_EXERCISE GOAL_
All lines in the records below from the line with "(SQ2001) Hot Wheels" through the line with "Fast Food Burger Falling" are to be given again exactly, both ends included; the pictures are to be left out.

_EXTRACTED RECORDS_
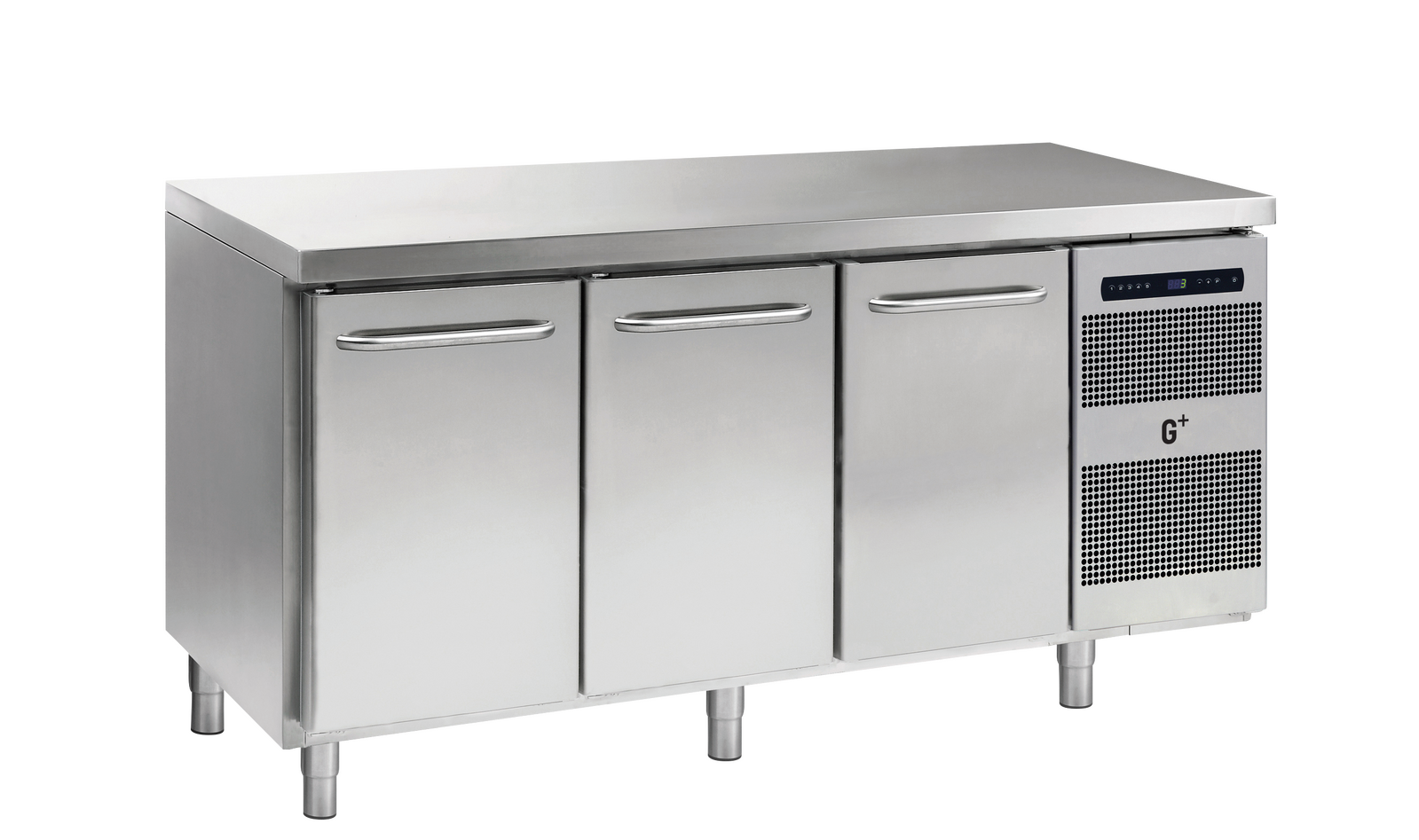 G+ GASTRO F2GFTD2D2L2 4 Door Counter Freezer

...

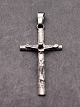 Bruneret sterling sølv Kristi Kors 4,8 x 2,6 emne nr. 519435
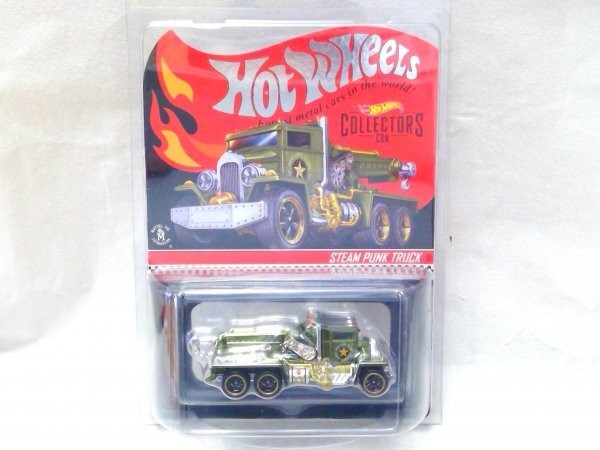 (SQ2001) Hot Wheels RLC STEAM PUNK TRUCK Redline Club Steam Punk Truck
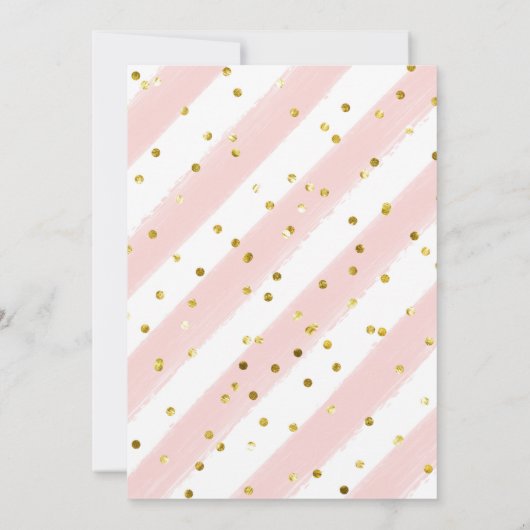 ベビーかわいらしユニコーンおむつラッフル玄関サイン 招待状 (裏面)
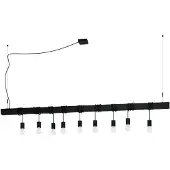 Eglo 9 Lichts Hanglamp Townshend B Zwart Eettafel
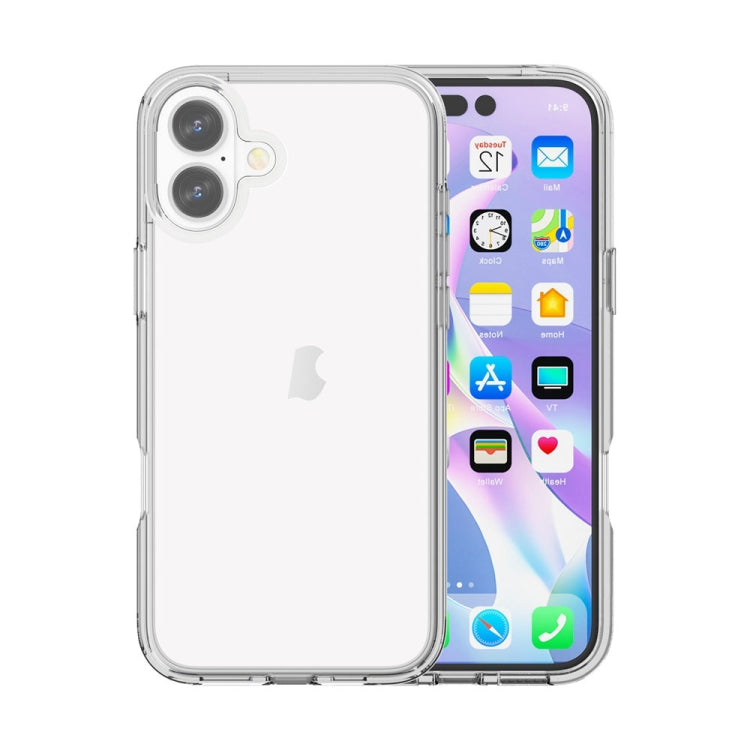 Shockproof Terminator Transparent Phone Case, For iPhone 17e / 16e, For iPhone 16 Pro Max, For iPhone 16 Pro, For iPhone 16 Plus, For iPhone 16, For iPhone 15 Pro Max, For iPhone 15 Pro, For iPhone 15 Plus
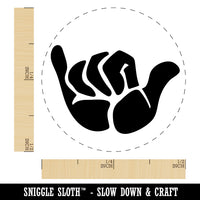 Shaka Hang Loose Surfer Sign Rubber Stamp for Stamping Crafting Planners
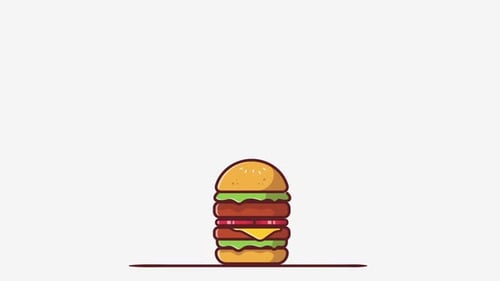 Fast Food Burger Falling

_REPLY TO THE TASK_
 (SQ2001) Hot Wheels RLC STEAM PUNK TRUCK Redline Club Steam Punk Truck
 ベビーかわいらしユニコーンおむつラッフル玄関サイン 招待状 (裏面)
 Eglo 9 Lichts Hanglamp Townshend B Zwart Eettafel
 Shockproof Terminator Transparent Phone Case, For iPhone 17e / 16e, For iPhone 16 Pro Max, For iPhone 16 Pro, For iPhone 16 Plus, For iPhone 16, For iPhone 15 Pro Max, For iPhone 15 Pro, For iPhone 15 Plus
 Shaka Hang Loose Surfer Sign Rubber Stamp for Stamping Crafting Planners
 Fast Food Burger Falling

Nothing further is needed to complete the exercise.